While resting up surrounded by the fading red felt of Il Floridita, a well known bar in La Habana Vieja quarter frequented by Ernest Hemingway, late in the afternoon on the second day I was in the city that I thought “Yes, this is a very good place.” I was chatting to four Norwegian guys, lined in similar easy chairs along the bar, and they were thinking pretty much the same. So, we continued contentedly to
slurp our Cuba Libres, and ordered a couple more.
HAVING A BALL
Having struck up a conversation, we then decided that, over the next few days, we would show any locals who cared that we could play football. A matter that we somewhat succeeded in doing on municipal basketball courts, hot and hard, in the shadow of the colonial walls, cooler, and on the beach, extremely hot and hard as you feel like you are playing through treacle. For the record, we won the first two games but lost the last one as you need the bull-strength of a Maradona or the athletic skills of Pelé to play well on sand.
If you are less athletically inclined, other daytime activities one can enjoy involve strolls down the sea road, the Malecon, which runs for the entire length of the city, into the older quarters of Vieja and the neighbouring Vedado. A visit to the prince’s castle and the revolutionary museums and Capitolo Nacional, a replica of Washington DC’s capitol building are well worth the effort. Strolling around you will see a remarkable mix of architectural styles from neo-classical, colonial and baroque up to modernist hotels designed by Walter Gropius and Oscar Niemeyer.
CARS ARE THE STARS
If you are there in summer, you will be glad of the few cooling squares to rest in as the temperature will be the normal Caribbean standard of 30 degrees Celsius, but with around 80 degrees of humidity. Sweaty, but good if weight loss is part your holiday ambitions.
Another way to cool off is to hire one of the movable remnants left from the Batista dictatorship, an array of 1950s Chevies, Plymouths and Lincolns. These open-top specimens of a stylish era were mostly left by fleeing US expats and Cubans who didn’t fancy discussions about dialectics and didactism with Fidel Castro or one of hisfriends when he swept into town on 1st January, 1959. Their arrival was something of
a party stopper.
Whole streets in the centre of town are devoted to garage after garage where teams of mechanics improvise with what they have to rebuild pistons, radiators and other engines to keep on the road types of cars that elsewhere have ended either in a specialist museum, Jay Leno’s garage or more sadly in the crusher a couple of decades ago. These cars are now used to ferry around happy travellers and tourists to see the sites of the city or head down the coastal road to the nearby beaches.
SOUNDS OF THE CITY
But if you just want to walk the streets popping into the cafes at the Hotel Ingleterra, the Bacardi Building or other similarly splendid constructions, you will find a genuinely friendly city where live music is played in most bars most of the time. As much as how the locals deal with the US embargo with a make and mend policy it is their willingness to enjoy song and dance that shows that though still relatively poor they can deal with any adversity.

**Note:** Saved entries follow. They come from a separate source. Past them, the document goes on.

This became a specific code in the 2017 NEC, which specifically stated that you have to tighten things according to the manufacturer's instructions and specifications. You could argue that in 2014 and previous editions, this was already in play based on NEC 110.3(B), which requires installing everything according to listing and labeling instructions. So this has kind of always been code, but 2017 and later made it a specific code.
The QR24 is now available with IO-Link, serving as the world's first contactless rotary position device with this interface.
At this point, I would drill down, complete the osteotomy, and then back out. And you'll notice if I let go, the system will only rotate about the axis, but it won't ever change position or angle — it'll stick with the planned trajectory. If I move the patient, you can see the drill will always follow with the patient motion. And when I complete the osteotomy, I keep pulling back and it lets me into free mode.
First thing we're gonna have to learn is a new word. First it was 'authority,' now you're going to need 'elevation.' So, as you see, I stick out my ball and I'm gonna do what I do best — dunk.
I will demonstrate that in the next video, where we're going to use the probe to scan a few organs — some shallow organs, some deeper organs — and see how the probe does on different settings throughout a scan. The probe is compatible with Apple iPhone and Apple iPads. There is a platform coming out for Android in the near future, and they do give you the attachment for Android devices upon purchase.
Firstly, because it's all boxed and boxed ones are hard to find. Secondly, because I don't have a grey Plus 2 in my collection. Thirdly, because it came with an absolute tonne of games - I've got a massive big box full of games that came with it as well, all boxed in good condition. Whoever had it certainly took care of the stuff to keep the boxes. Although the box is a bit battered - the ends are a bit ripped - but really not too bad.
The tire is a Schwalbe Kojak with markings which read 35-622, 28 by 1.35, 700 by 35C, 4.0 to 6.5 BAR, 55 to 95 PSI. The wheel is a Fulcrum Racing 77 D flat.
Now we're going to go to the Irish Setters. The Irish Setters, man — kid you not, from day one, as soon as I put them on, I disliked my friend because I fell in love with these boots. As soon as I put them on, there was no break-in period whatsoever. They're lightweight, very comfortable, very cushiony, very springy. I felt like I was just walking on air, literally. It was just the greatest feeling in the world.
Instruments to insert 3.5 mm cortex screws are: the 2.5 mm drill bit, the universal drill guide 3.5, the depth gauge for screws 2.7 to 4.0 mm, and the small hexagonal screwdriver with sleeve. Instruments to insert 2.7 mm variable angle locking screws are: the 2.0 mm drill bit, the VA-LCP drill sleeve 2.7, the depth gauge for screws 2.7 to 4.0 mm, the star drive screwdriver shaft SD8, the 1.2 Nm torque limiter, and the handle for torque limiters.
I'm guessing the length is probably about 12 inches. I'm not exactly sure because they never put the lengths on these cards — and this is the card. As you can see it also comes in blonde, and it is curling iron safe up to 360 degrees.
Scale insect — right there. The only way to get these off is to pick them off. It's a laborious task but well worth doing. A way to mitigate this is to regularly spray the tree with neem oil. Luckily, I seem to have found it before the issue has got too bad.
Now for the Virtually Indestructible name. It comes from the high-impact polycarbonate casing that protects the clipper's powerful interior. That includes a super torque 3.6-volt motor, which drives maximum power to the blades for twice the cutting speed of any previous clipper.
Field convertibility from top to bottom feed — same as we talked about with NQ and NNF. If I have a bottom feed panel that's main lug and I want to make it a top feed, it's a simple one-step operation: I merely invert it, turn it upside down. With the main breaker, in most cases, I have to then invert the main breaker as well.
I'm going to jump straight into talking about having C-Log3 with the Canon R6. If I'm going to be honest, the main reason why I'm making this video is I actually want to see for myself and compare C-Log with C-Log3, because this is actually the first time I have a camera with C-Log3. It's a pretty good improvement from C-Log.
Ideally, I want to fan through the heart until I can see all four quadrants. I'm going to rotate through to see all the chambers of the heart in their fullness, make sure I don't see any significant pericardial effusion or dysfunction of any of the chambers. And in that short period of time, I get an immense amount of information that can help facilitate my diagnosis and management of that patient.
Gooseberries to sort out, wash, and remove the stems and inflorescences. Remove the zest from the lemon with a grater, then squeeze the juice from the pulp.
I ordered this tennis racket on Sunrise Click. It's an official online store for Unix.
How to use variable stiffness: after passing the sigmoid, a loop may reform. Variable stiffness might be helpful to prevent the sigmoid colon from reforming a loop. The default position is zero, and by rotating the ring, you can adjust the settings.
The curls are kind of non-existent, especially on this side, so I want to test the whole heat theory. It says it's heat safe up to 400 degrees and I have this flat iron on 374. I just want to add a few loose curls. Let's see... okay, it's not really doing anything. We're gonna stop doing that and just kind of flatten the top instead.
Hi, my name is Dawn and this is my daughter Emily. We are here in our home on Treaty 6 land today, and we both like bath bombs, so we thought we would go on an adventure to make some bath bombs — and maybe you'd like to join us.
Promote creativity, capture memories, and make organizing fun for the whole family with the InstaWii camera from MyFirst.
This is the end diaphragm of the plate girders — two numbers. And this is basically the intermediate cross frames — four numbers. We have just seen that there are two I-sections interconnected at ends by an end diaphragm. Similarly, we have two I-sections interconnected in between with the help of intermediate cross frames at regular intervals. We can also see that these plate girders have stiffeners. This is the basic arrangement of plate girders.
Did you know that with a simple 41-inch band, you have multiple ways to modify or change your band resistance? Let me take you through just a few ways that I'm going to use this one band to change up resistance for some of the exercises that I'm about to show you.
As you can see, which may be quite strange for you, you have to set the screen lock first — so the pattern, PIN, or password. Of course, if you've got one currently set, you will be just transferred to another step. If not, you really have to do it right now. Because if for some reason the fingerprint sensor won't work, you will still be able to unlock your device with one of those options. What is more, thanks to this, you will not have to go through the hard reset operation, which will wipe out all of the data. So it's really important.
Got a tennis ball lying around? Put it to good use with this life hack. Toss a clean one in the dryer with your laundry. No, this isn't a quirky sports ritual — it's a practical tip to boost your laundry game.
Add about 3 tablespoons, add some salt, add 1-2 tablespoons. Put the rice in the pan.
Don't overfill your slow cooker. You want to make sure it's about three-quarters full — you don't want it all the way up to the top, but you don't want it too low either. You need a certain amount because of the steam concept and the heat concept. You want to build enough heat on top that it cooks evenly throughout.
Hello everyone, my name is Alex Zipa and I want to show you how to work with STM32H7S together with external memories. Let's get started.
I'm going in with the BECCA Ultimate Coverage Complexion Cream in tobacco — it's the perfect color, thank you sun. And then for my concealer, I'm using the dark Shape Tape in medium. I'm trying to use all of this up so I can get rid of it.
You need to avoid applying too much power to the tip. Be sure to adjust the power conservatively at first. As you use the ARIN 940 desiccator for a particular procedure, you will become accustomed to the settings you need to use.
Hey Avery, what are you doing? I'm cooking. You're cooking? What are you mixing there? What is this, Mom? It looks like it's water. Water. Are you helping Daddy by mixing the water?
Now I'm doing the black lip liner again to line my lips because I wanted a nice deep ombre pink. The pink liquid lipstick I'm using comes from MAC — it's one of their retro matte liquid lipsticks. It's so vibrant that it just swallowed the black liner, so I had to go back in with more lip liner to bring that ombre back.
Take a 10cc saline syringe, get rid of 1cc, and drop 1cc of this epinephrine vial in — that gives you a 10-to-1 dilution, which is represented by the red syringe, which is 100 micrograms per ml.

Music becomes the soundtrack to your stay in the city, as even when the locals have retreated indoors for their mid-afternoon siesta the streets are still filled with mordant tunes that accompany Latin America’s favourite TV soap operas.
The other soundtrack that you will hear constantly is hawkers selling cigars and many other things. Generally, they will leave you alone after a while as there is a high police presence, a reminder that the city might be beautiful and the weather glorious but it is the centre of a one party state and opposition is put down pretty efficiently, as were the recent demonstrations by the Ladies in White.
Despite this, Havana’s spirit and its inhabitants seem irrepressible. On my arrival at the national airport I found that the hotel I was meant to stay in was overbooked. It was late and it seemed that I may be crashing on a bench for the night, but my guide gave me a big conciliatory smile and said: “Don’t worry Señor, we’ll find a solution, after all this is Habana!”